The Navy’s second look at the requirements and design of its next amphibious warship is walking the line between capability and affordability, the head of Naval Sea Systems Command told reporters Thursday at NAVSEA’s temporary headquarters.
The next generation dock landing ship — LX(R) — is currently working its way through a second Analysis of Alternatives (AoA) process in what NAVSEA chief Vice Adm. William Hilarides calls, “the best ship design conversation we’ve had in a long time inside the government.”
As part of NAVSEA’s “question every requirement,” mantra, the organization is looking at other ways of meeting the requirements outside of the traditional scope of traditional amphibious shipbuilding.
“It’s really making people uncomfortable,” he said.

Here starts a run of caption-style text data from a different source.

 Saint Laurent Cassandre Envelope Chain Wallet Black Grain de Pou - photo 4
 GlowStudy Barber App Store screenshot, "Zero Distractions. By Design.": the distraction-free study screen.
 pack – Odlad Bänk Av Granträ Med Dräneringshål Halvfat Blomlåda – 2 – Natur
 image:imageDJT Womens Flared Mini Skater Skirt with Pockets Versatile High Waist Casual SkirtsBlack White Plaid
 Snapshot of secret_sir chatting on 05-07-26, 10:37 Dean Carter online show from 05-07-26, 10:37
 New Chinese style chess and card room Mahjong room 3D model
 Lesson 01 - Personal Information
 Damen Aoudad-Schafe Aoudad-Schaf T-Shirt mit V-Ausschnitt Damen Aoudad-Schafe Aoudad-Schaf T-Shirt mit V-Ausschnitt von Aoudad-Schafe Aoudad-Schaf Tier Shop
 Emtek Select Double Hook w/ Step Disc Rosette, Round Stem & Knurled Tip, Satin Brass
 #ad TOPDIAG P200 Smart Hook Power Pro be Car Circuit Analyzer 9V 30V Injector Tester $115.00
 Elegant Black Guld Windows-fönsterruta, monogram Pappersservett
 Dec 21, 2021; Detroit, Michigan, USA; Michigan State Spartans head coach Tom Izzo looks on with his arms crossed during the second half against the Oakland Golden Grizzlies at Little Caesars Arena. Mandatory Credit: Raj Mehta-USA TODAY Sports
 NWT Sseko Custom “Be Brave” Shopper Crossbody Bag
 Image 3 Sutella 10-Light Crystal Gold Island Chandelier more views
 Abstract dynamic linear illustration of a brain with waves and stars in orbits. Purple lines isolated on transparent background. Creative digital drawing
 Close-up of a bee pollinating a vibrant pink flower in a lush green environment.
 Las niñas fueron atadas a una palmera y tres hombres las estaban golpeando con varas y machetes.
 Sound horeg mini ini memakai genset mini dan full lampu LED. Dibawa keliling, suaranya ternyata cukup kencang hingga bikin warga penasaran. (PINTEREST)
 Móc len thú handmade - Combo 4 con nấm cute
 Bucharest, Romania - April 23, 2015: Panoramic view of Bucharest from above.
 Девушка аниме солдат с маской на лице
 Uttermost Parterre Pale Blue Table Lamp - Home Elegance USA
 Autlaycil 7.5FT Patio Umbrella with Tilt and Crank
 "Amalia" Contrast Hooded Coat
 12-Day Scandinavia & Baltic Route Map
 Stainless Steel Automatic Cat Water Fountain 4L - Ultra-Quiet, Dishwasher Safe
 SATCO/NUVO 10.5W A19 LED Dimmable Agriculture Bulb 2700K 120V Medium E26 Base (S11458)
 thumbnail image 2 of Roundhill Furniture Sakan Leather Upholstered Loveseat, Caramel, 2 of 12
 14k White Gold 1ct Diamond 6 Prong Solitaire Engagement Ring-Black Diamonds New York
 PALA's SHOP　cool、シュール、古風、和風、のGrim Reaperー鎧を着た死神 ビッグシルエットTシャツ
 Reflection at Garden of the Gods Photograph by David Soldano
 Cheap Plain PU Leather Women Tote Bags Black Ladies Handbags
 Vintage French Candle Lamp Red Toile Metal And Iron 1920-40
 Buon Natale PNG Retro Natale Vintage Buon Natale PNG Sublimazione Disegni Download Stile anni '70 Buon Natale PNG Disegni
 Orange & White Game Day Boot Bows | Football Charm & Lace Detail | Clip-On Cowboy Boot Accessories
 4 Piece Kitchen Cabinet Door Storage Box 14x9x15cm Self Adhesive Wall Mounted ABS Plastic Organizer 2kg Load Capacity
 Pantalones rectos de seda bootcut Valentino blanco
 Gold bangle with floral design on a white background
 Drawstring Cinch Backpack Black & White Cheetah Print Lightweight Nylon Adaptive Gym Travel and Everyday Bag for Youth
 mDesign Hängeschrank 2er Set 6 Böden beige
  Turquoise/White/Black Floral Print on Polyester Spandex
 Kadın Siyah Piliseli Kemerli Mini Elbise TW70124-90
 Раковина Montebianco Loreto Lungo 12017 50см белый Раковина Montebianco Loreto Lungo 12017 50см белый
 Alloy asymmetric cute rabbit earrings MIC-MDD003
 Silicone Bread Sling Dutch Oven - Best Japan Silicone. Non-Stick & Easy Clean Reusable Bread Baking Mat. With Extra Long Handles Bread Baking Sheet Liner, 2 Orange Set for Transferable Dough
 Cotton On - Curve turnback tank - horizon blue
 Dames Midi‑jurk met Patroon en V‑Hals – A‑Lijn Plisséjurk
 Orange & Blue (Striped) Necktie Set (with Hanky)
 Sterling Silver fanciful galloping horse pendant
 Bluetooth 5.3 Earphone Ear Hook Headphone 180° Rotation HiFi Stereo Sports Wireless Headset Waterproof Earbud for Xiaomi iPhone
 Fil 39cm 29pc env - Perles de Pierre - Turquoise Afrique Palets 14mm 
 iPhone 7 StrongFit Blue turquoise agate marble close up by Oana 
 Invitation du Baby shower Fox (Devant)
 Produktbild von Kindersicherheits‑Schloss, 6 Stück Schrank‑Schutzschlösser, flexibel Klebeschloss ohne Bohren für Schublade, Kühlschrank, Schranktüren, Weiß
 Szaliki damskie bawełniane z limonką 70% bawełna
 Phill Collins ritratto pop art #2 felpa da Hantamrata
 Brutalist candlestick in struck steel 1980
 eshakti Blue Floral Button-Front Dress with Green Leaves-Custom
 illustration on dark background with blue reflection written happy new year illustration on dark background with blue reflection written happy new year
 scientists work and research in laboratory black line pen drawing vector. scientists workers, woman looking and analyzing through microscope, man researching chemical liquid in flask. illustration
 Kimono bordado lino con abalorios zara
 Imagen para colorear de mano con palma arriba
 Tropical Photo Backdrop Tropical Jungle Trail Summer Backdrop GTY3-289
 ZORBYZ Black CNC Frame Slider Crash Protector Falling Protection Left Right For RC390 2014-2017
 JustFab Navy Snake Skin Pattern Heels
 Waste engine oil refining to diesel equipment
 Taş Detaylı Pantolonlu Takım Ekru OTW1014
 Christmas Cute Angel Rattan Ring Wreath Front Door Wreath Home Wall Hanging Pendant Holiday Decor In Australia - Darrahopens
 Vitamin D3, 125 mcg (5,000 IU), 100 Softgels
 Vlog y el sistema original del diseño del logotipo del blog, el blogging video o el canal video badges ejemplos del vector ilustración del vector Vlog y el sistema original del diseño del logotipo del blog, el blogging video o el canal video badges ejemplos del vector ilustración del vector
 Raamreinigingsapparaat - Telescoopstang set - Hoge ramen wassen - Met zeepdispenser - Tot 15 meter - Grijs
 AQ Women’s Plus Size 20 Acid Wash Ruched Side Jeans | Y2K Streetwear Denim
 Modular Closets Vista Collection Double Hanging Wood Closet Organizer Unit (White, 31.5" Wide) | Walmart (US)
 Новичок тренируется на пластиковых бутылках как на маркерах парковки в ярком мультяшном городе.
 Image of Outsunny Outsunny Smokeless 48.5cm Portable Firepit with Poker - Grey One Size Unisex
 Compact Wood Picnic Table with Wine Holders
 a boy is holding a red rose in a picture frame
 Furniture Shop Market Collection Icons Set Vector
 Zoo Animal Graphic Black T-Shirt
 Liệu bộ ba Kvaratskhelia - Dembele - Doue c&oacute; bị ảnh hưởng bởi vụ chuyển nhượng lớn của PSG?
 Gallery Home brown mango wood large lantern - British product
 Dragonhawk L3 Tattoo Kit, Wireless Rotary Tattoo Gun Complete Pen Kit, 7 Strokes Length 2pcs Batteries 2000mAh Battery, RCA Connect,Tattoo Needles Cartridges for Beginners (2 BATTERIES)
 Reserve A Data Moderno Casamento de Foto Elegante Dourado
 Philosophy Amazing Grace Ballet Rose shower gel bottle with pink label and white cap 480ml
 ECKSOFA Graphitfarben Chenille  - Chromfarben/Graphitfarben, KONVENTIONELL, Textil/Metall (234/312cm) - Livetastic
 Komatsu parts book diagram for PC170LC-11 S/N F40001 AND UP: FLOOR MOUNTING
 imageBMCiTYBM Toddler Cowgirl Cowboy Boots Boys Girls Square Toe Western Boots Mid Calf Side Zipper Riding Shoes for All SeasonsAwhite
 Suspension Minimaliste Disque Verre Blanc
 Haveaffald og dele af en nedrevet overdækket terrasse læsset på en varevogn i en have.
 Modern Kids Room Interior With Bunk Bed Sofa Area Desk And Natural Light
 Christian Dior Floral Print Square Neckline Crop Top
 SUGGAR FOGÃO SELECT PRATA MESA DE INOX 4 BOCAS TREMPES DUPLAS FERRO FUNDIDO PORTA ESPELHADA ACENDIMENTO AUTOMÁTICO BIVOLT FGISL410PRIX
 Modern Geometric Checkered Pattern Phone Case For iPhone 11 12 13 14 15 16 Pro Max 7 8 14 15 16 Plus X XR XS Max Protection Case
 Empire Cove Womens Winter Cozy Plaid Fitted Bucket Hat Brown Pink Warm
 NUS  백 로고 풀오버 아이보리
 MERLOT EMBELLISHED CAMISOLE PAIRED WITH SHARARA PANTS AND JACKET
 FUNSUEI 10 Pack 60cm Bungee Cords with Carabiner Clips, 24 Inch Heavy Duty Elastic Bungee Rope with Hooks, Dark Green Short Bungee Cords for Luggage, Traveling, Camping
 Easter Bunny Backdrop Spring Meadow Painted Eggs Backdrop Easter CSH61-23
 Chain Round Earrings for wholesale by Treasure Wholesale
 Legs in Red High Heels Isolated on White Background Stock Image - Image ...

One example of an idea NAVSEA was using to meet requirement and cost threshold was to build the propulsion system of LX(R) to commercial standards and built an emergency drive system in the front of the ship to meet survivability requirements.
“Go build an armored box in the front, far away from the rest of the propulsion train that has a little eight knot outboard motor that you can lower down after that damage event and still meet the eight knot requirement,” Hilarides said.
“That’s the conversation that’s going on. It’s a very robust one. It’s right on that balance between technical excellence and judiciousness.”
That conversation is set against a tumultuous political climate.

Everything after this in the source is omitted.